Given a phytosociological table (m_bin, rows corresponding to
taxa and columns corresponding to relevés) this function searches for
a k-partition (k defined by the user) optimizing TDV, i.e., searches,
using a Hill-climbing algorithm, for patterns of differential taxa by
rearranging the relevés into k groups.
The optimization can start from a random partition (p_ini = "random"), or
from a given partition (p_ini, defined by the user or produced by any
clustering method, or even a manual classification of the relevés).
In the description given below, a 1-neighbour of a given partition is
another partition that can be obtained by simply changing one relevé to a
different group. Equivalently a n-neighbour of a given partition is
another partition obtained ascribing n relevés to different groups.
This function implements a Hill-climbing algorithm, where a TDV improvement
is searched in each iteration, screening all 1-neighbours, until the given
number of maximum iterations (maxit) is reached. If maxit is not
reached but no TDV improvement is possible among all the 1-neighbours of
the currently best partition, the search is halted and the current
partition is tagged as a local maximum and outputted.

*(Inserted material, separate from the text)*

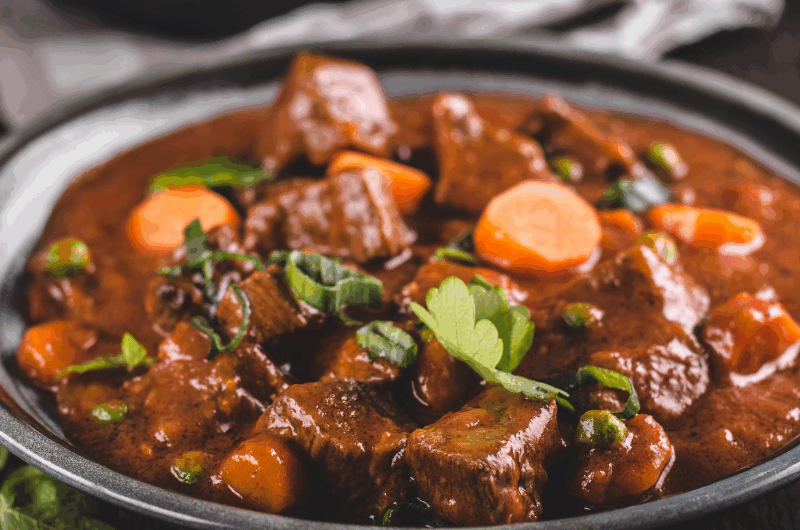 Bœuf mijoté aux légumes d'automne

As the screening of all 1-neighbours might be computationally heavy,
specially while analysing big tables, optionally, a Stochastic
Hill-climbing search can be performed as a first step
(stoch_first = TRUE). This consists in searching for TDV improvements, by
randomly selecting, in each iteration, one n-neighbour (n defined by
the user in the parameter stoch_neigh_size), and accepting that
n-neighbour partition immediately if it improves TDV. This is repeated
until a given number of iterations (stoch_maxit) is reached. Specially
while starting from random partitions, Stochastic Hill-climbing is intended
to increase TDV without the computational burden of the full neighbourhood
screening, which can be done afterwards, in a second step.

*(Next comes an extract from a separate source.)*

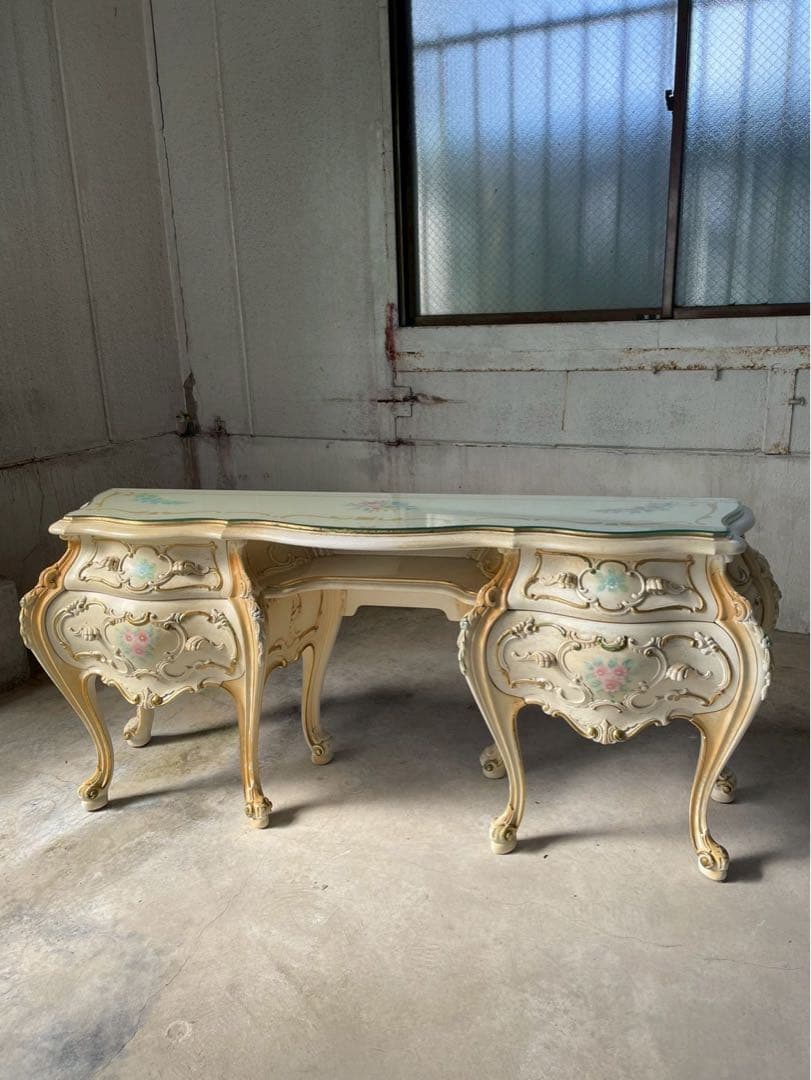 高級家具　イタリア製　SILIK社　コンソール　ロココ調　定価72万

The Hill-climbing or the combination of Stochastic Hill-climbing +
Hill-climbing, can be run multiple times by the function (defined in
n_runs), which consists in a Random-restart Hill-climbing, where n_sol
best solutions are kept and returned.
As the Hill-climbing algorithm converges easily to local maxima, several
runs of the function (i.e., multiple random starts) are advised.
Trimming your table by a 'constancy' range or using the result of other
cluster methodologies as input, might help finding interesting partitions.
However, after trimming the table by a narrow 'constancy' range, getting a
random initial partition with TDV greater than zero might be hard; on such
cases using a initial partition from partition_tdv_grasp() or
partition_tdv_grdtp(), or even the result of other clustering
strategies, as an input partition might be useful.